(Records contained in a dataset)

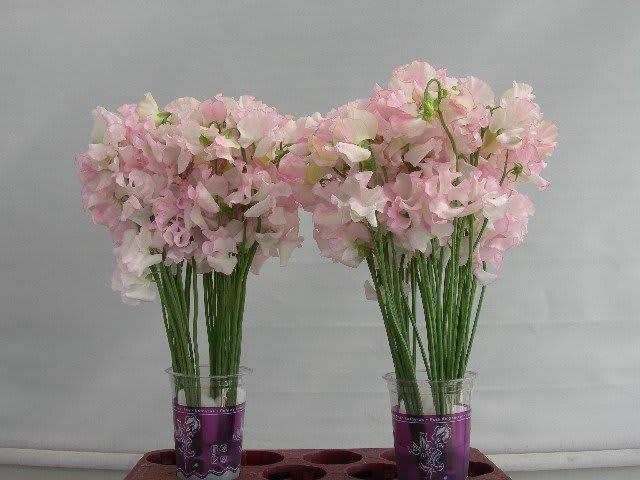 Срезанные цветы оптом Lathyrus wedding white (white-pink) от 100шт из Голландии с доставкой по России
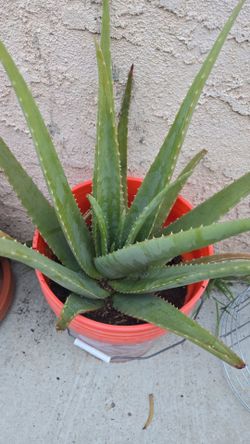 Aloe Vera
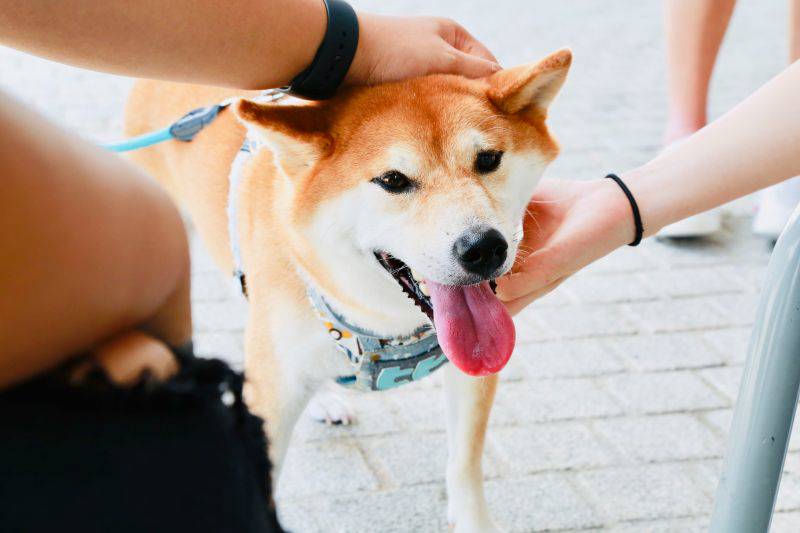 為何台灣人超愛養柴犬 理由網認了 Nownews 今日新聞 Line Today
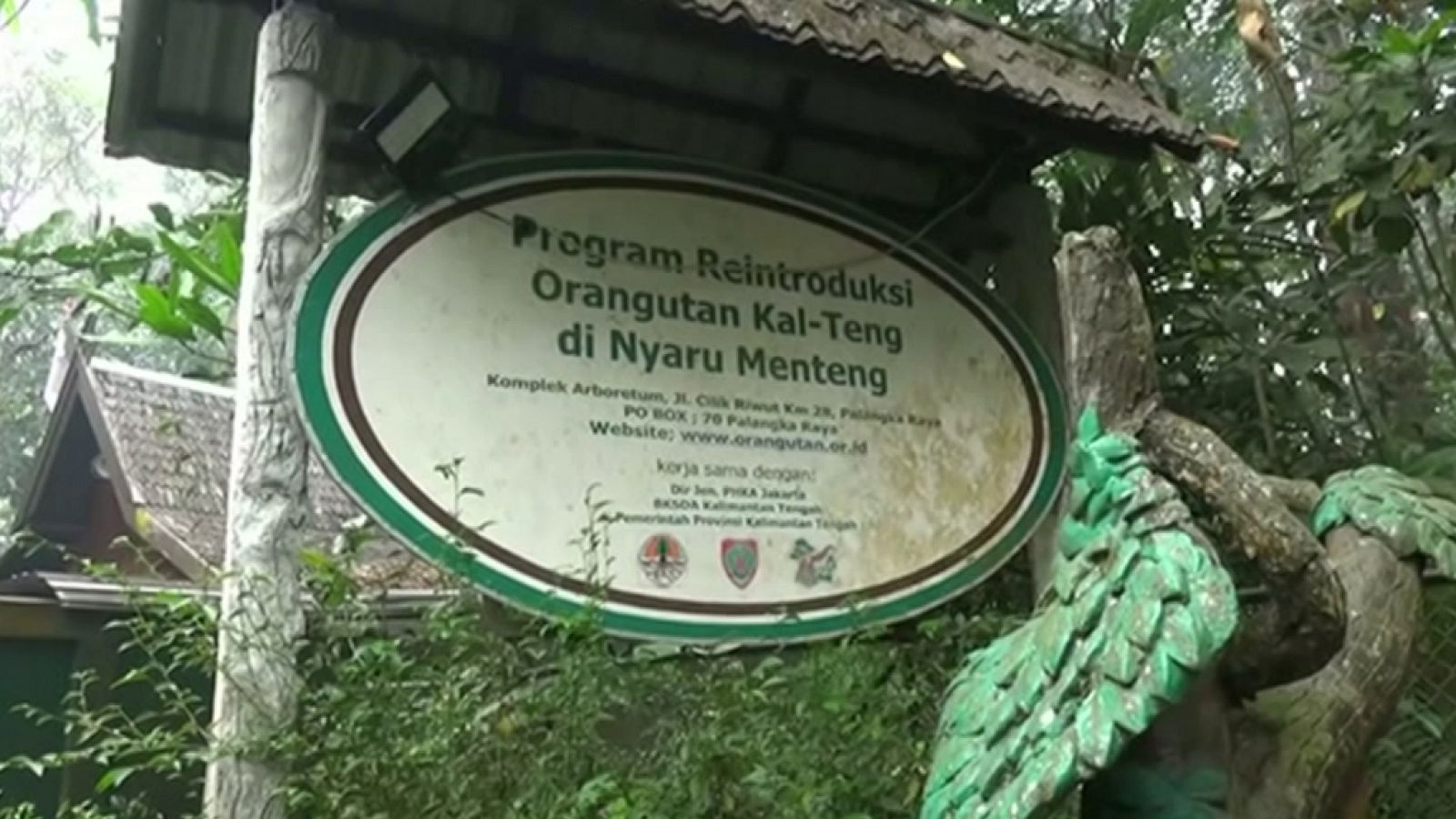 La 2 Noticias - 19/09/19 - ver ahora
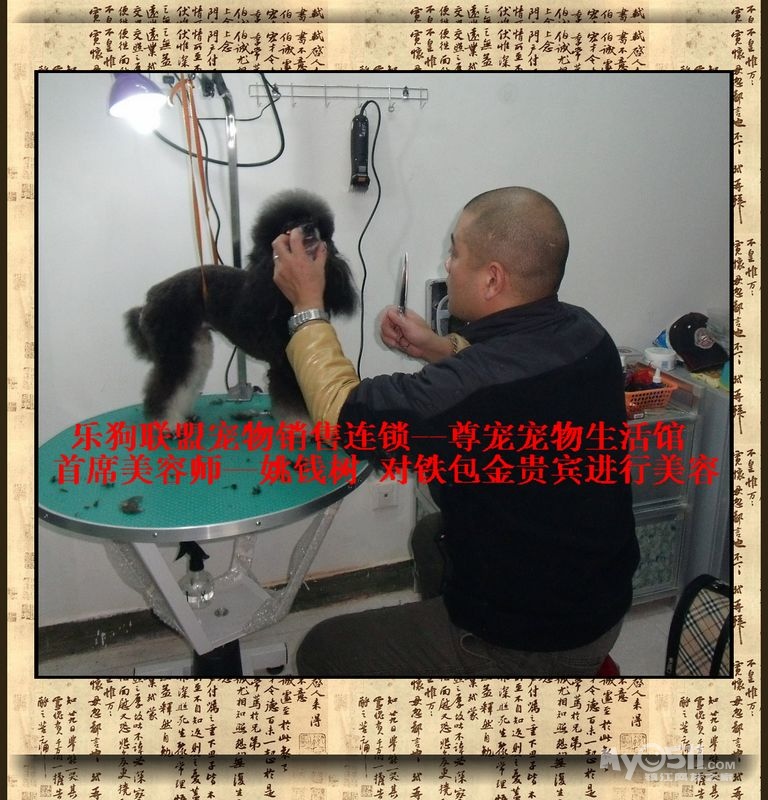 尊宠泰迪生活馆-CKU<em>美容师</em>资格认证B级 C级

= Requirement =
Each line of the records above must be repeated exactly, but no picture belongs in the copy.

= Exercise answer =
 Срезанные цветы оптом Lathyrus wedding white (white-pink) от 100шт из Голландии с доставкой по России
 Aloe Vera
 為何台灣人超愛養柴犬 理由網認了 Nownews 今日新聞 Line Today
 La 2 Noticias - 19/09/19 - ver ahora
 尊宠泰迪生活馆-CKU<em>美容师</em>资格认证B级 C级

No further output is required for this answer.